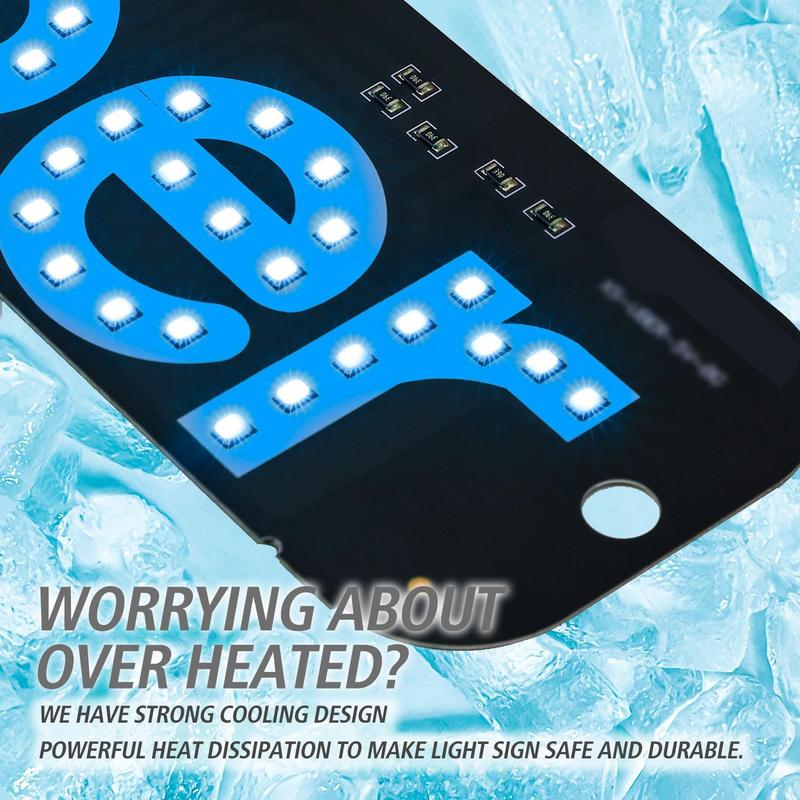 Taxi LED Light Sign for Car Uber/Lyft with Suction Cups USB Plug for Cars Trucks SUVs Compatible LED Decal for Windshield Visibility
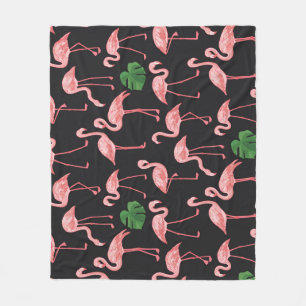 Flamingo Elegance: Monstera Fusion. Fleece Deken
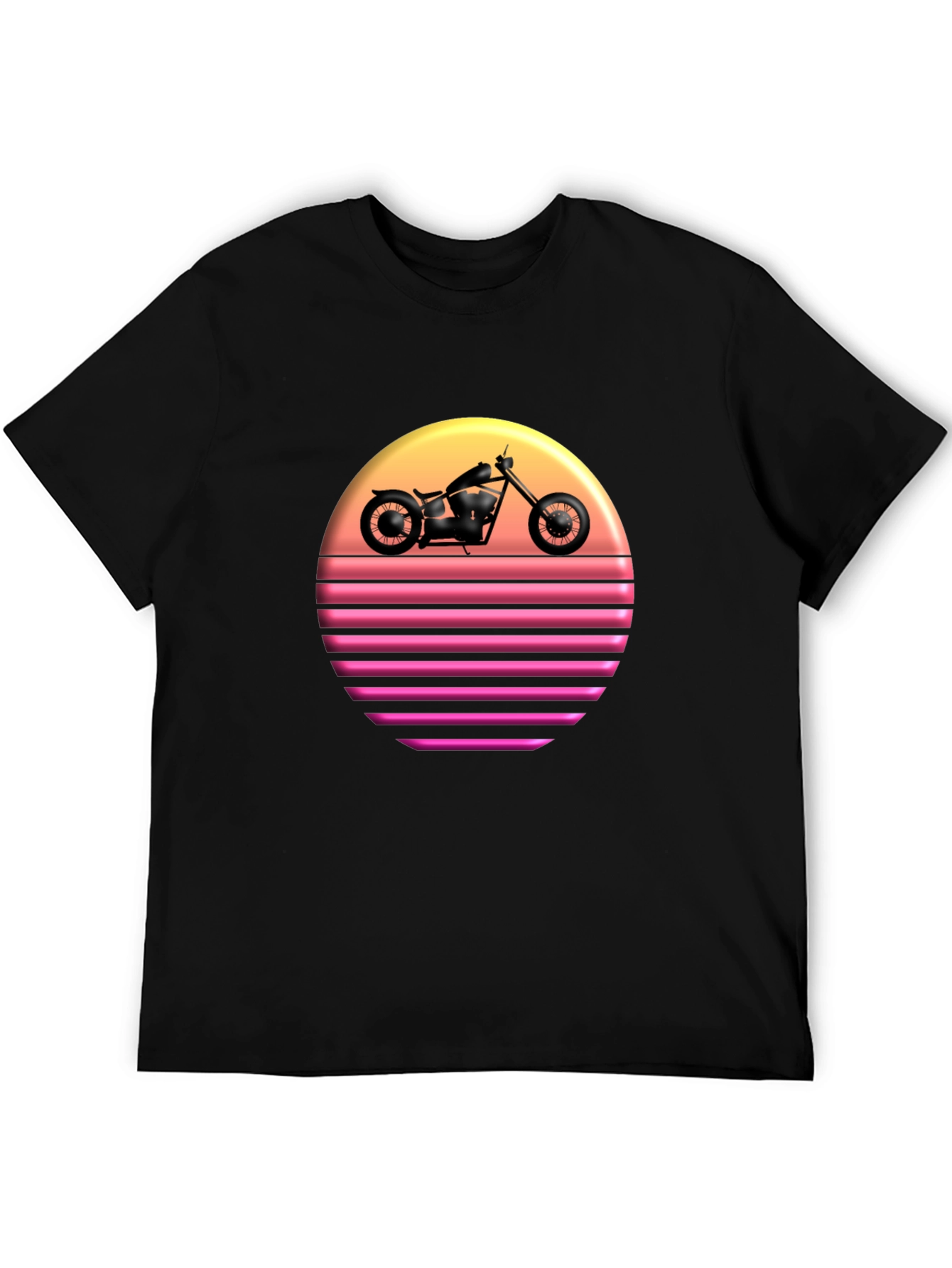 Retro Sunset Motorcycle Graphic T-Shirt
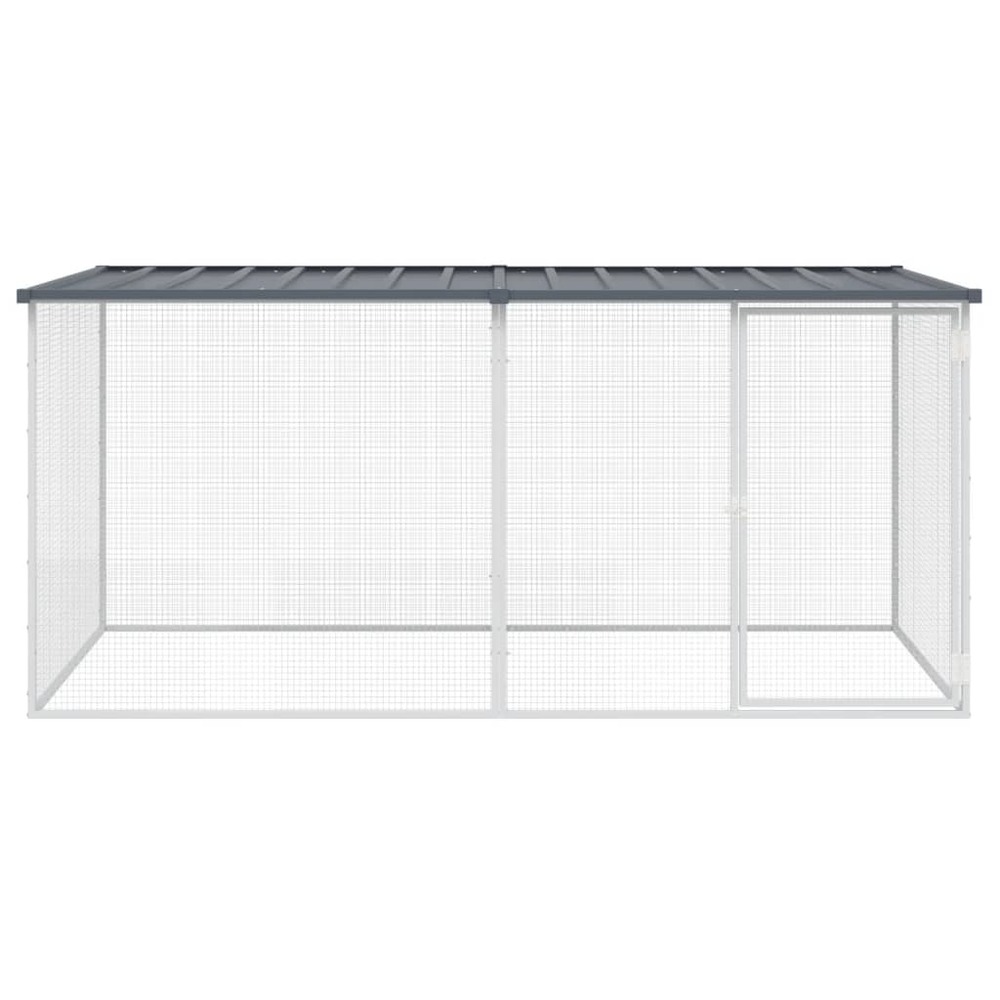 Poulailler avec toit anthracite 203x98x90 cm acier galvanisé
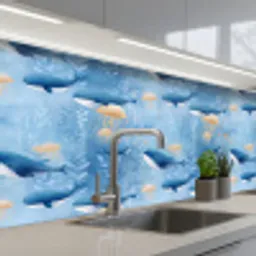 Walvissen - Oceaan - Blauw keuken achterwand 2 middel 871 -3d_schuin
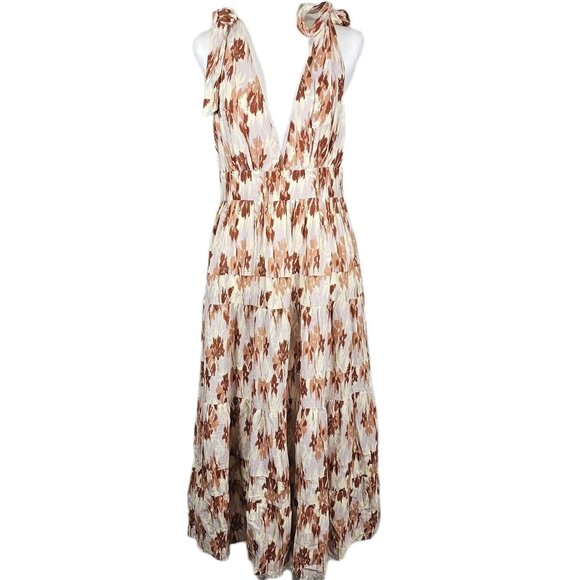 House of Harlow 1960 Size Small Linen Rayon Blend Tiered Midi Dress V Neck New - Picture 1 of 6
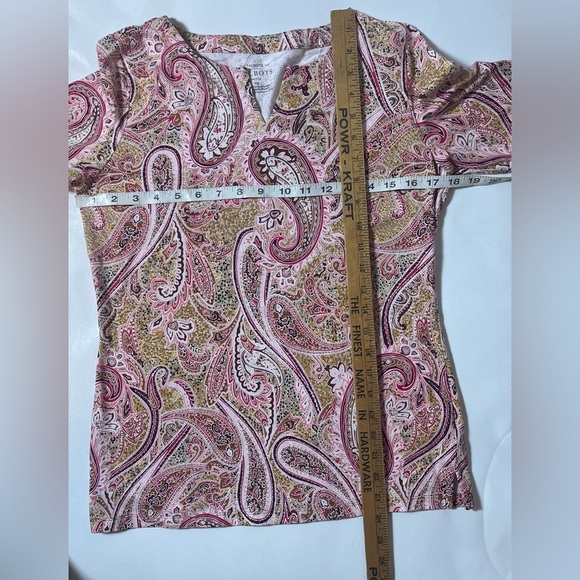 Talbots Petite Shirt Tee Multicolor Paisley Print Short Sleeve Casual Knit Sz MP - Picture 5 of 5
------------------------
#### Task objective
Each entry needs to be retyped exactly; the pictures stay out.

#### Reply
 Taxi LED Light Sign for Car Uber/Lyft with Suction Cups USB Plug for Cars Trucks SUVs Compatible LED Decal for Windshield Visibility
 Flamingo Elegance: Monstera Fusion. Fleece Deken
 Retro Sunset Motorcycle Graphic T-Shirt
 Poulailler avec toit anthracite 203x98x90 cm acier galvanisé
 Walvissen - Oceaan - Blauw keuken achterwand 2 middel 871 -3d_schuin
 House of Harlow 1960 Size Small Linen Rayon Blend Tiered Midi Dress V Neck New - Picture 1 of 6
 Talbots Petite Shirt Tee Multicolor Paisley Print Short Sleeve Casual Knit Sz MP - Picture 5 of 5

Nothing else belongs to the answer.